• Activity
Everything from the line with "Gigantic colorful guitar" down to the line with "A white Vans" below must be printed exactly, those two lines included. Exclude pictures.

• Data for this exercise
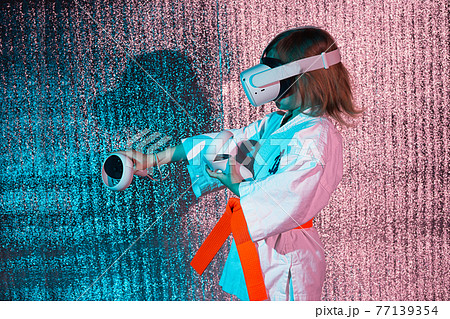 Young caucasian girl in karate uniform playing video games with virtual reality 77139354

* * *

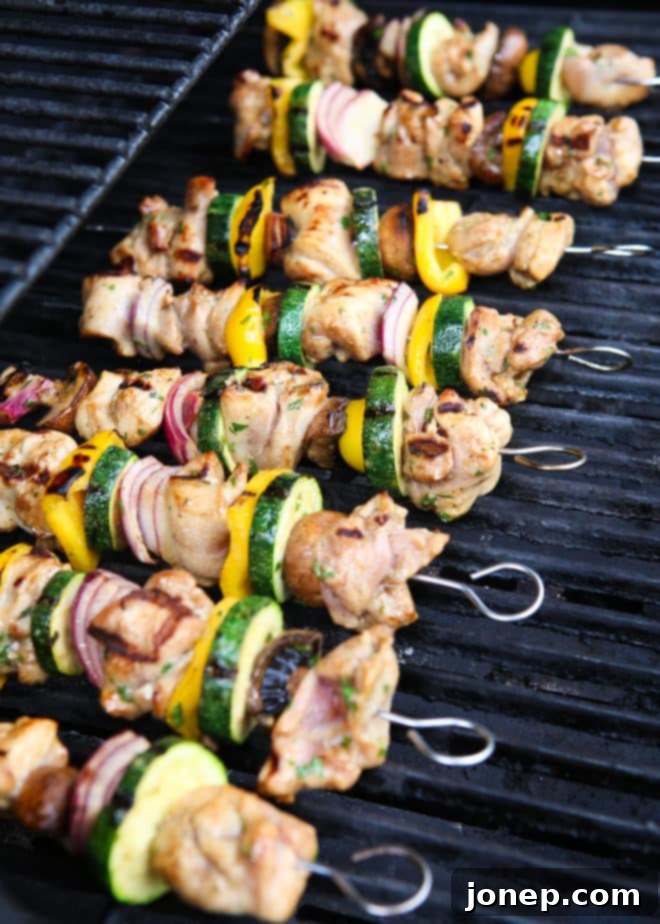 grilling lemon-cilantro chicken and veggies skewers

==

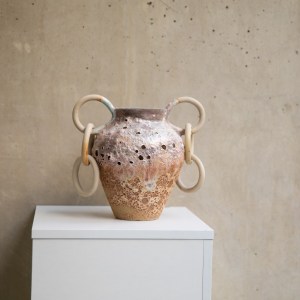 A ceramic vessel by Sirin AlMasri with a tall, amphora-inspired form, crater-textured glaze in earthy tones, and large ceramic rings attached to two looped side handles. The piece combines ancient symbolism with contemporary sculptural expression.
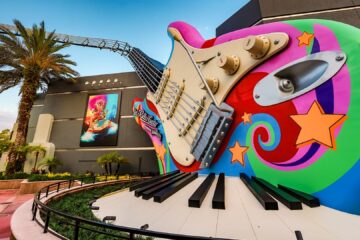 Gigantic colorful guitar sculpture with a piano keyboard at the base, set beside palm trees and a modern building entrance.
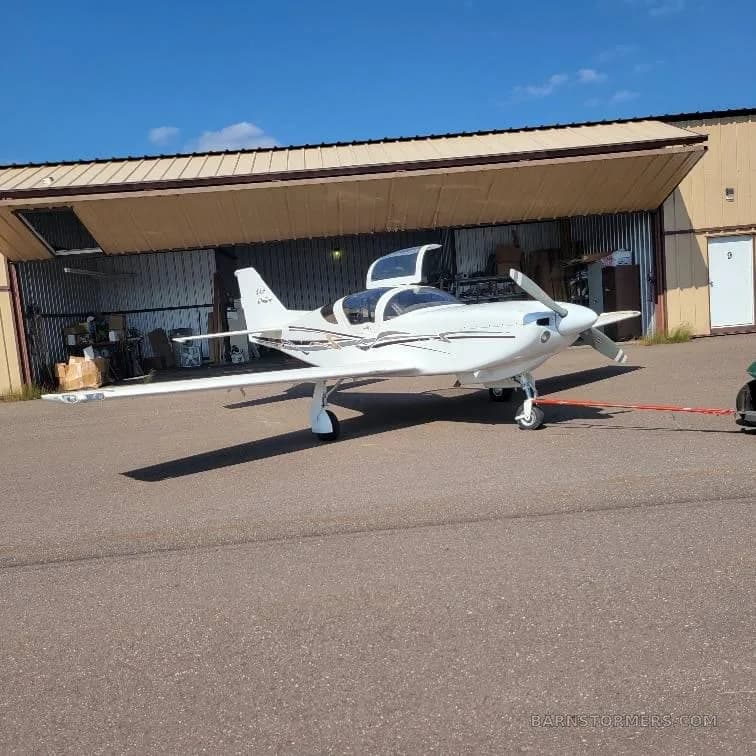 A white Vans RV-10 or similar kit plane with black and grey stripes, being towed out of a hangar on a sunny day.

• Solution to the problem
 Gigantic colorful guitar sculpture with a piano keyboard at the base, set beside palm trees and a modern building entrance.
 A white Vans RV-10 or similar kit plane with black and grey stripes, being towed out of a hangar on a sunny day.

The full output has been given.